On March 22, Greece’s conservative prime minister Kyriakos Mitsotakis announced the implementation of an extensive ban on “unnecessary transport and movement of people throughout the country.”1 Cited as the “last step” that “an organized, democratic state” may take in the effort to contain the local spread of the coronavirus pandemic, the measure expanded the friendly social distancing campaign Menoume Spiti [We stay at home], instituted a few weeks prior, into a mandatory, policeable lockdown. As of March 23, mobility in Greece has been constrained to “essential movements,” to be documented via a self-issued permit or text message to an official number, with fines for violations set at 150 euro.2
Since the implementation of the movement ban, Greece’s COVID-19 outbreak has remained relatively contained—cases currently stand at just over 2.200, and deaths at 113—earning the country’s leadership international praise for its successful campaign to “flatten the curve.” After having received little media attention over the past weeks, Greece is now being cited as a best practice example that, as the title of a recent Bloomberg signals, “shows how to handle the crisis.” The underlying narrative is consolidating around a problematic notion of crisis resilience: Greece, whose public health care system was decimated by years of austerity imposed in the wake of the Greek sovereign debt crisis, knew to act swiftly in order to avoid a potential catastrophe. The country’s dysfunctional public health infrastructure—at the beginning of the outbreak there were no more than 530 ICU beds for a population of over 10 million—is here seen less as a cause for critique of the European austerity regime, but rather reframed as the basis for virtuous decision-making.3 Similarly, the Greek people have been described as exceptionally compliant with the lockdown measures, which Alex Patelis, economic adviser to the PM, has attributed to the fact that they “have been through crisis; they know what it is [which has] enabled them to adapt and be stoic.”4
Witnessing the first month of the lockdown from the streets of Athens reveals a more nuanced set of perspectives on the current moment, with stickers, flyers, posters, banners and graffitied slogans, disseminated mainly by leftist activist collectives, offering critical commentary on the social and political implications of Coronavirus governance, understood here as an extension of the biopolitical apparatus of austerity.5 These interventions, which are often removed swiftly, project a deep skepticism about the expansion of government authority in the coronavirus crisis, while also drawing attention to the uneven distribution of vulnerability in the present moment. This emerging archive of public dissent challenges the notion that COVID-19 renders cities empty and lifeless. Rather, as the following examples from one month of lockdown in Athens document, the city’s streets remain a dynamic site of contestation and meaning-making.6
Note: The works presented below can be attributed to at least eleven different political groups, collectives, and organizations that are part of the highly heterogenous composite of political and theoretical viewpoints that is “the Greek left.” Readers are encouraged to engage with these groups and the material they’ve published on the Coronavirus crisis directly in order to better understand the intentions behind the pieces featured in this post: Antifa South, Assembly against Biopower and Confinement, Autonome Antifa, Grammi15, Migada, Open Assembly of Residents Petralona-Thisseio-Koukaki, Socialist Labor Party, Solidarity with Migrants, Steki Antipnoia, SYBXPSA.

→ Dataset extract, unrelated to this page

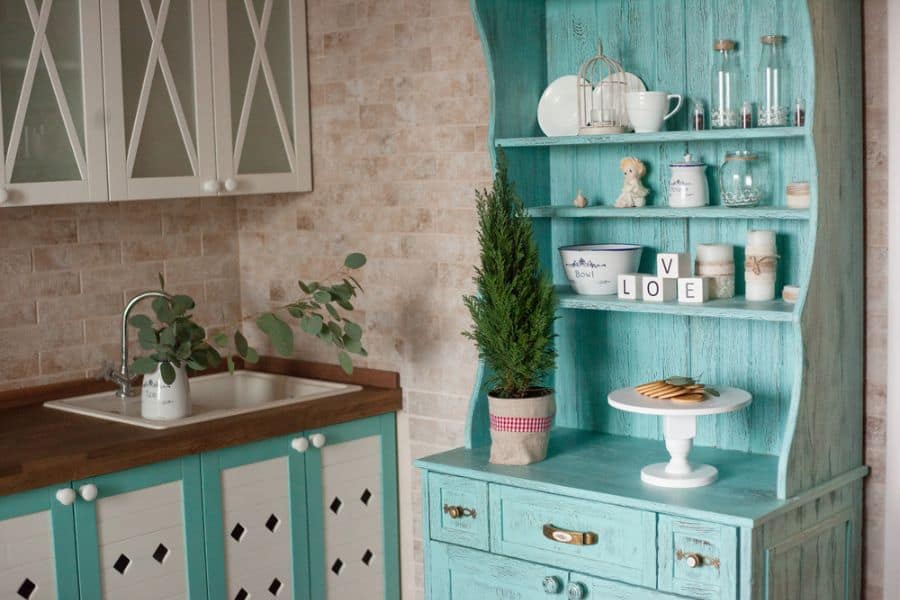 brick wall turquoise cabinet with shelves wood countertop sink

Menoume Spiti: The Politics of Staying at Home
As the government has largely centered its mitigation efforts around the Menoume Spiti [We stay at home] campaign, it has failed to adequately address those for whom home is a fraught concept: those who have no home, those for whom staying at home may result in exposure to gender-based violence, and those who are confined under unsafe conditions in prisons and refugee camps. The privilege and politics of staying at home are the central concern of a number of interventions that have emerged during the lockdown.

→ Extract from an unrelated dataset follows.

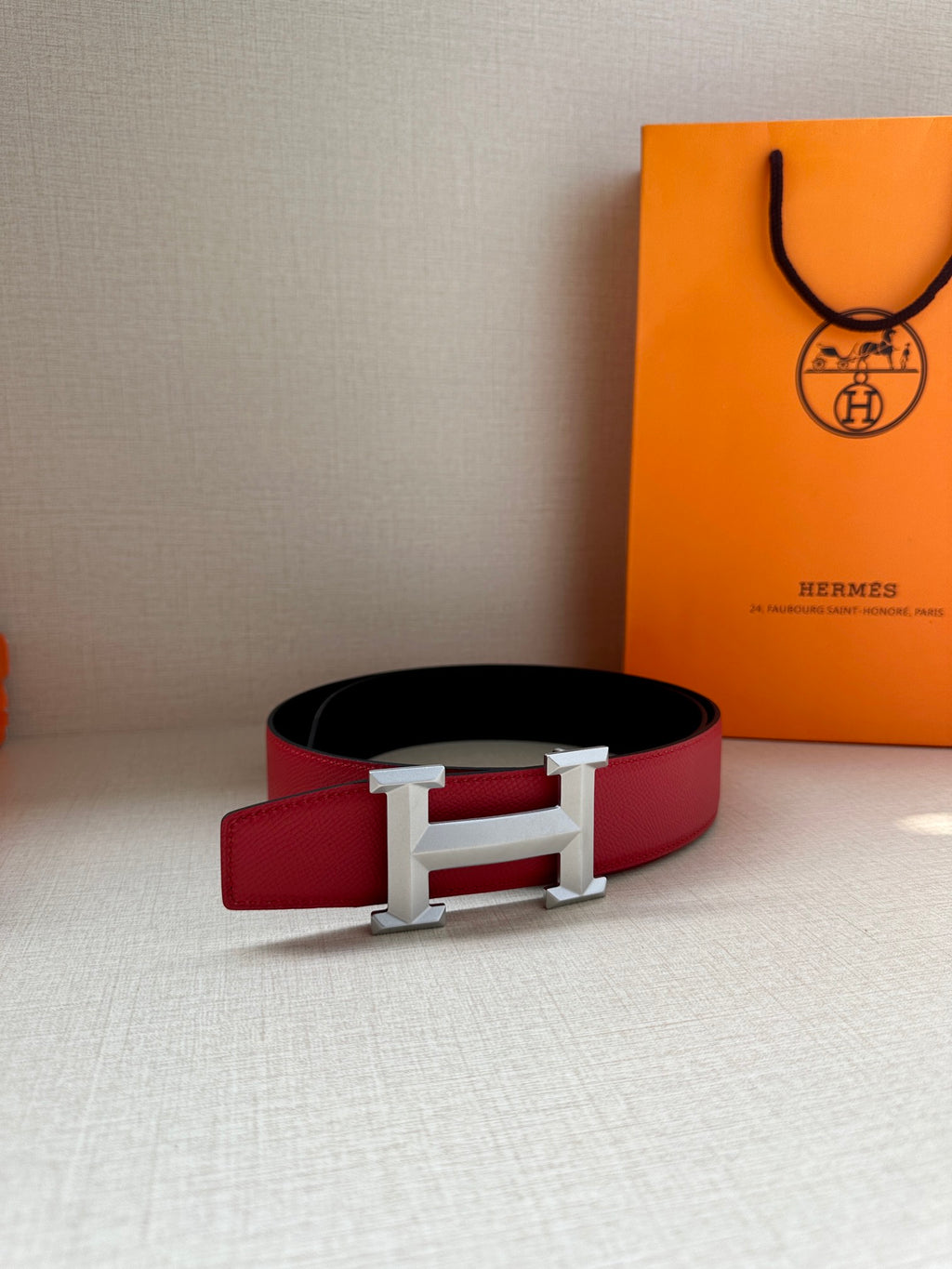 Red leather belt with silver-tone H buckle, resting flat with box nearby.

“It’s not the Flu, It’s an Experiment in Public Order:” Resignifying the Lockdown
In Greece, as elsewhere, the protection of public health (“the lives and health of the Greek people!”) is cited as the central justification for the restructuring of everyday life by means of expansive and restrictive policy measures. According to this rationale, lockdowns, un-democratic as they may seem, are strategically deployed in order to delay an escalation of the pandemic, thus “buying time” needed to prepare health care systems. While Greece has received praise for implementing a lockdown early in its outbreak—especially in comparison with Italy and Spain, where governments were more hesitant—the investments in public health have been minimal. At present, testing remains sparse, shortages in ICU beds, staff, and PPE widespread. This glaring discrepancy between political and health measures, paired with a general skepticism of the conservative government of Kyriakos Mitsotakis, notorious for its law-and-order approach to governance, has prompted a number of slogans that offer interpretations of the lockdown beyond the official public health narrative.
“Lockdown to the System:” Resistance, Protest and Collective Organizing
If, as the pieces above suggest, the Greek left is consolidating around a view of the lockdown as not merely a matter of public health, but rather an occasion for the continued expansion and normalization of austerity and law-and-order governance, this spells an urgent need for resistance, protest, and collective organizing. Street-level dissent in Athens is bifurcated into two modes of expression: refusal, usually in the form of graffitied slogans or stickers, or the voicing of specific political demands, often through DIY posters.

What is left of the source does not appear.